• [Your assignment]: For the data below, transcribe the part that opens with the line containing "5 Bratch Common" and closes with the line containing "Nostalgia Hotel Beijing", exactly and with no pictures.
....................
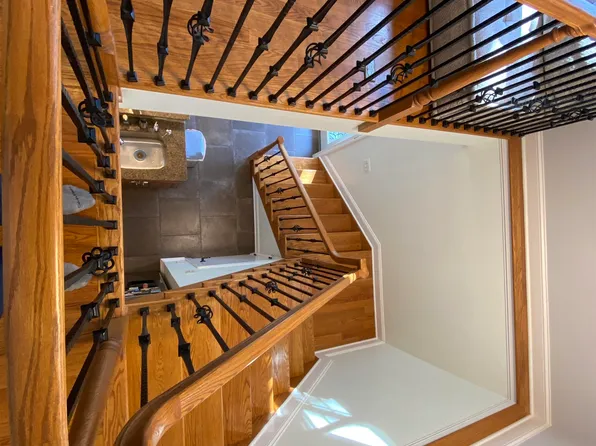 99 Leonard Street image 10 of 19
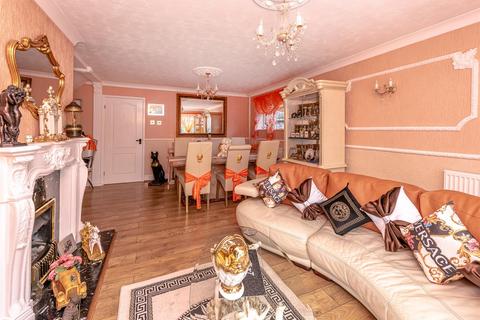 5 Bratch Common Road, Wombourne, Wolverhampton, WV5 8DG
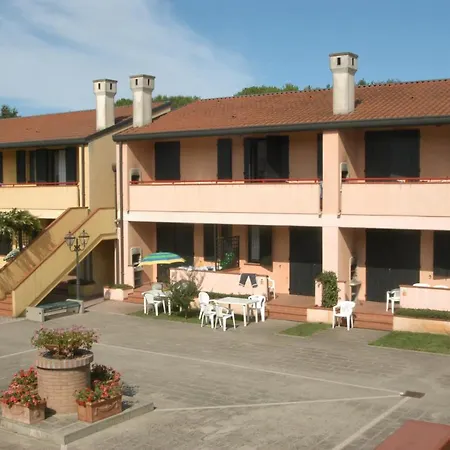 Vacanze - Villaggio Tize 公寓式酒店 罗索利纳马雷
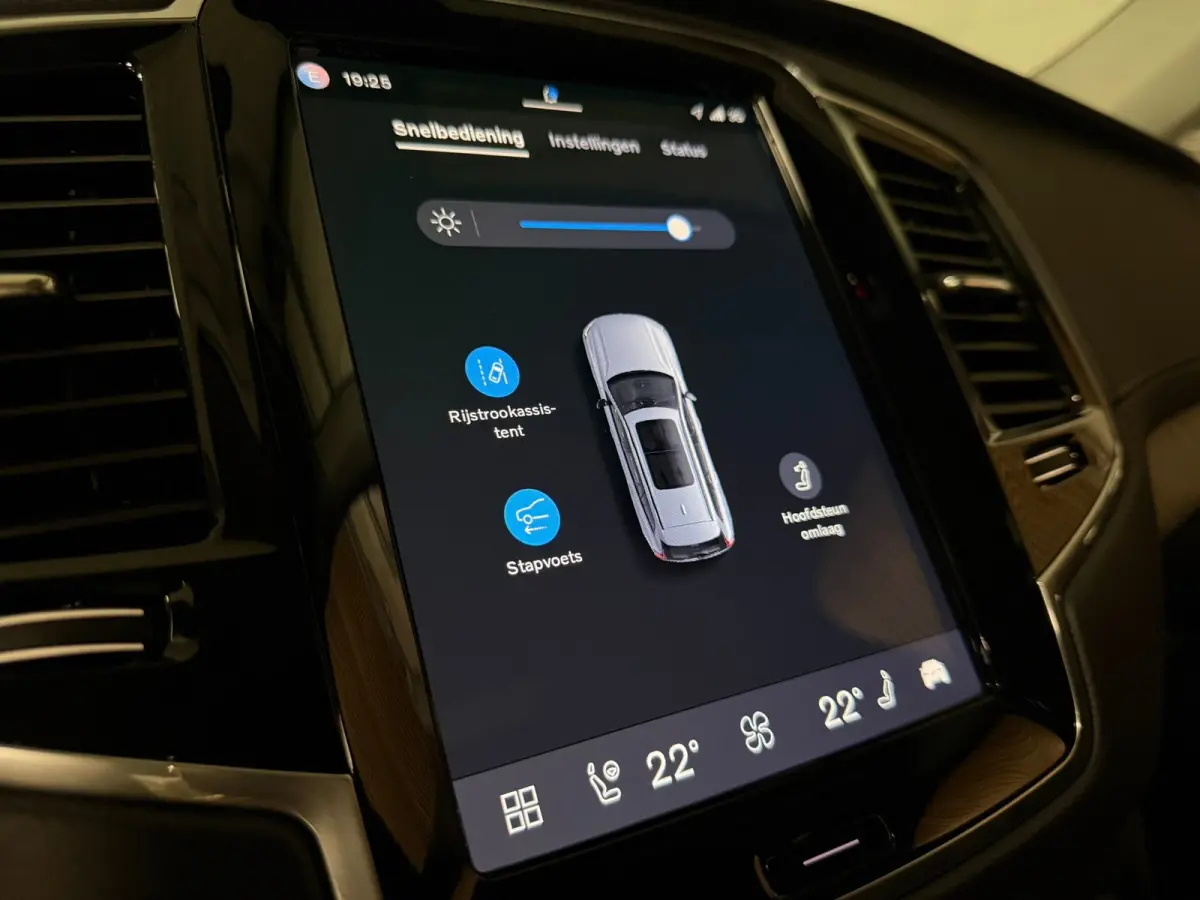 T8 AWD Recharge Plus Bright | Vol! | Luchtvering | Stoelventilatie | 360° Camera | Harman Kardon | 455pk | Schuifdak | Adaptieve Cruise Control | Stoelverwarming voor+achter | Stuurwielverw
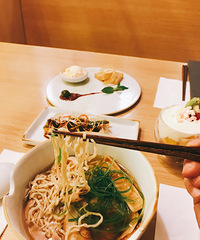 �˰۰��¿�һ�Ҹ߱Ƹ���ʳ��  24Сʱ���ƹ��� �ձ�ʦ������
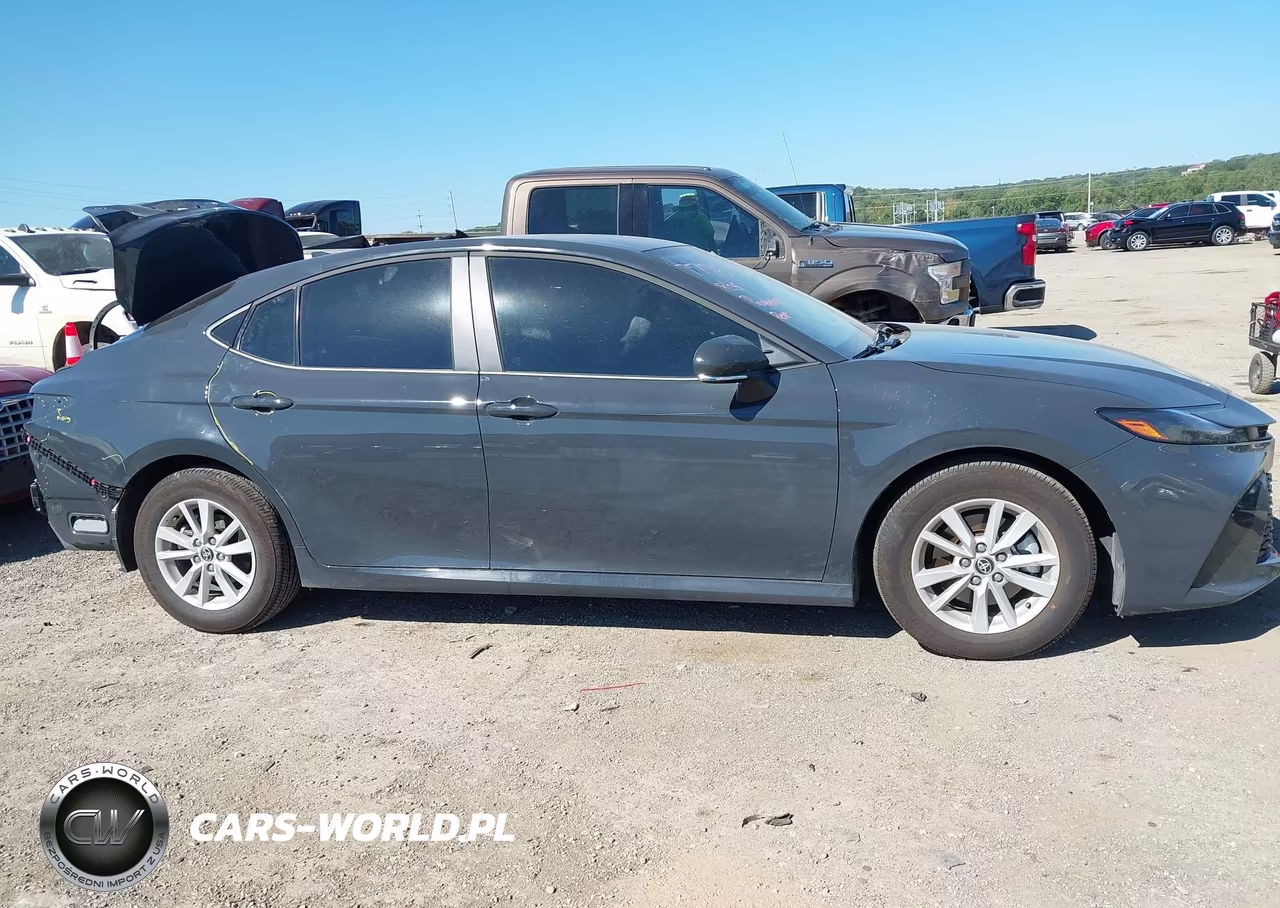 2026 Toyota Camry Le VIN:4T1DAACK6TU753932 - 14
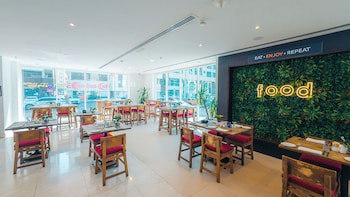 Kingsgate Hotel Abu Dhabi by Millennium galeri fotoğrafı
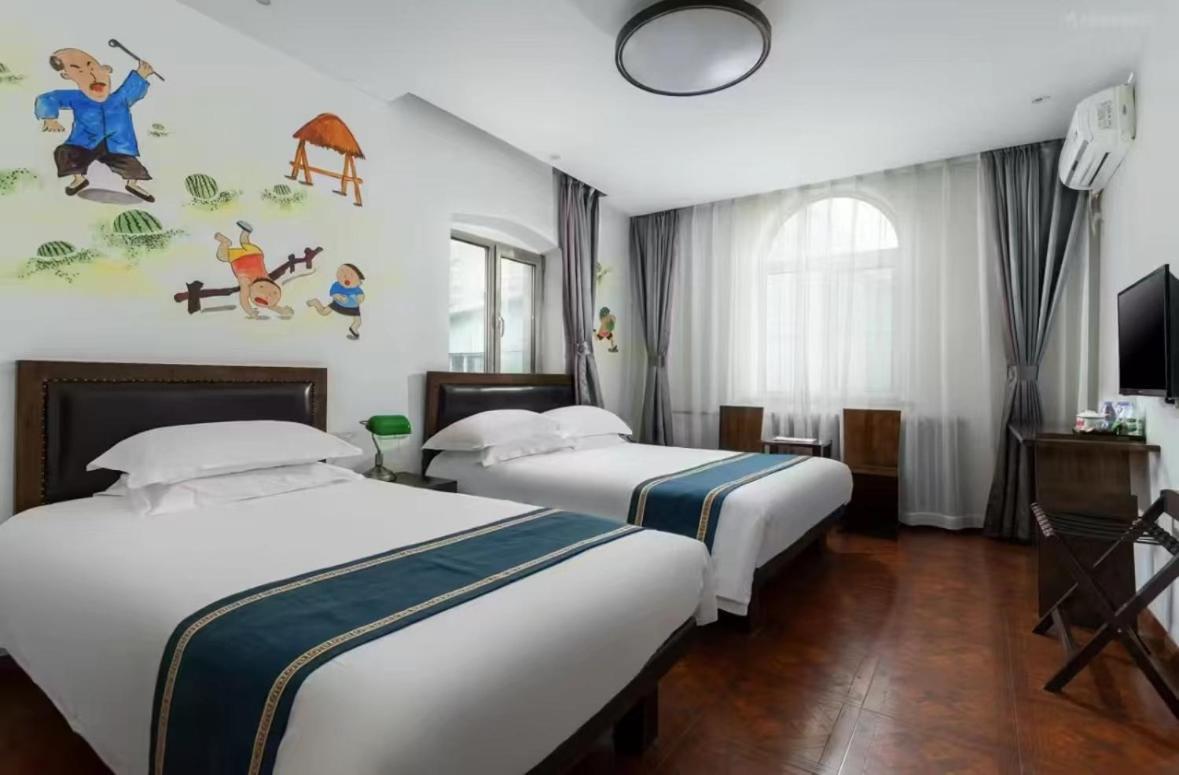Nostalgia Hotel Beijing Guozijian Ghost Street - Near Beijing Lama Temple, Beihai Park, Jingshan Park, Drum Tower, Houhai Bar Street, Tian'Anmen Square, Located In Beijing Traditional Hutongs, 5 Minutes Away From Beixinqiao Metro Station Eksteriør bilde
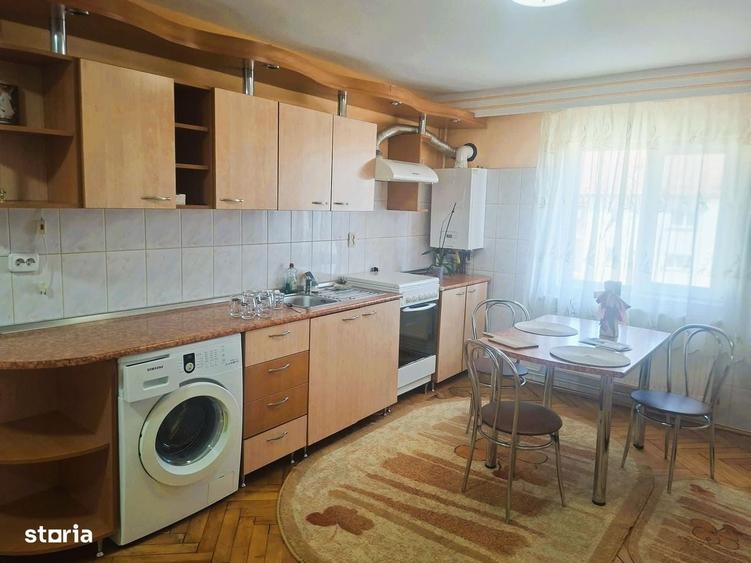 Apartament cu 2 camere decomandat în Central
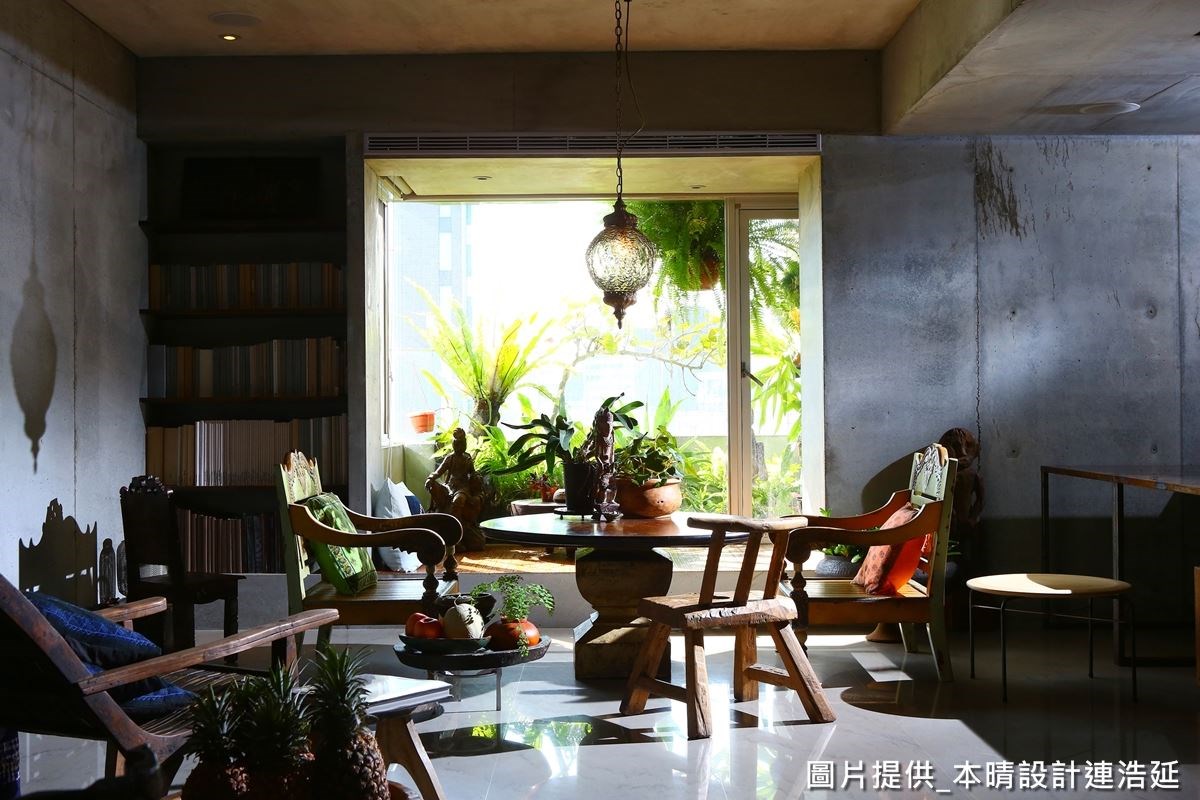 連浩延刻意鋸短家具的桌腳、椅腳,營造貼地放鬆感,打造回到家或坐或臥的舒適體驗;並運用家具擺設做為領域界定,讓空間可隨季節、成長經歷而變動挪移,產生新的動線,打造一個有機成長的空間。 連浩延刻意鋸短家具的桌腳、椅腳,營造貼地放鬆感,打造回到家或坐或臥的舒適體驗;並運用家具擺設做為領域界定,讓空間可隨季節、成長經歷而變動挪移,產生新的動線,打造一個有機成長的空間。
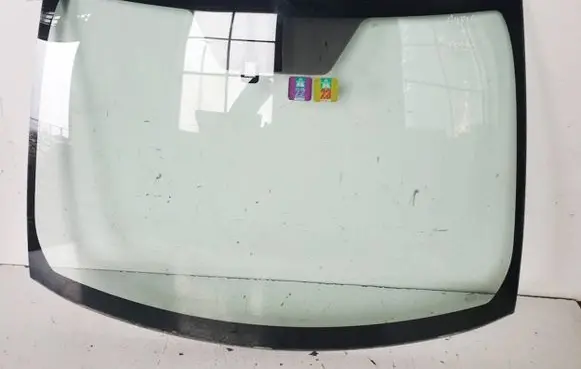 Toyota Auris 150 Front windscreen/windshield window 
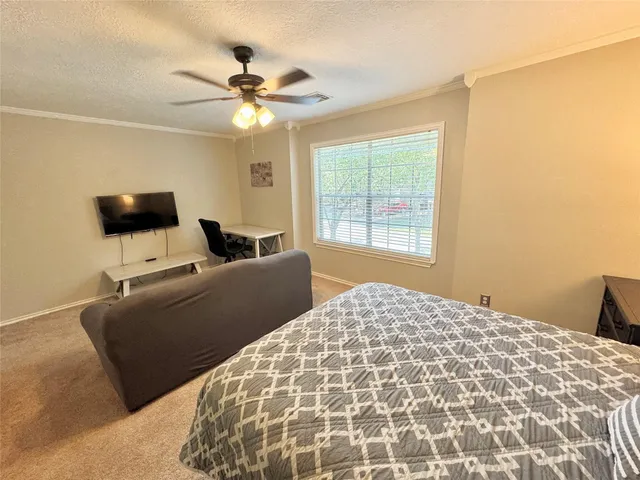 $2,400 | 195 Blushwood Place, The Woodlands, TX 77382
....................
• [Answer box]:
 5 Bratch Common Road, Wombourne, Wolverhampton, WV5 8DG
 Vacanze - Villaggio Tize 公寓式酒店 罗索利纳马雷
 T8 AWD Recharge Plus Bright | Vol! | Luchtvering | Stoelventilatie | 360° Camera | Harman Kardon | 455pk | Schuifdak | Adaptieve Cruise Control | Stoelverwarming voor+achter | Stuurwielverw
 �˰۰��¿�һ�Ҹ߱Ƹ���ʳ��  24Сʱ���ƹ��� �ձ�ʦ������
 2026 Toyota Camry Le VIN:4T1DAACK6TU753932 - 14
 Kingsgate Hotel Abu Dhabi by Millennium galeri fotoğrafı
Nostalgia Hotel Beijing Guozijian Ghost Street - Near Beijing Lama Temple, Beihai Park, Jingshan Park, Drum Tower, Houhai Bar Street, Tian'Anmen Square, Located In Beijing Traditional Hutongs, 5 Minutes Away From Beixinqiao Metro Station Eksteriør bilde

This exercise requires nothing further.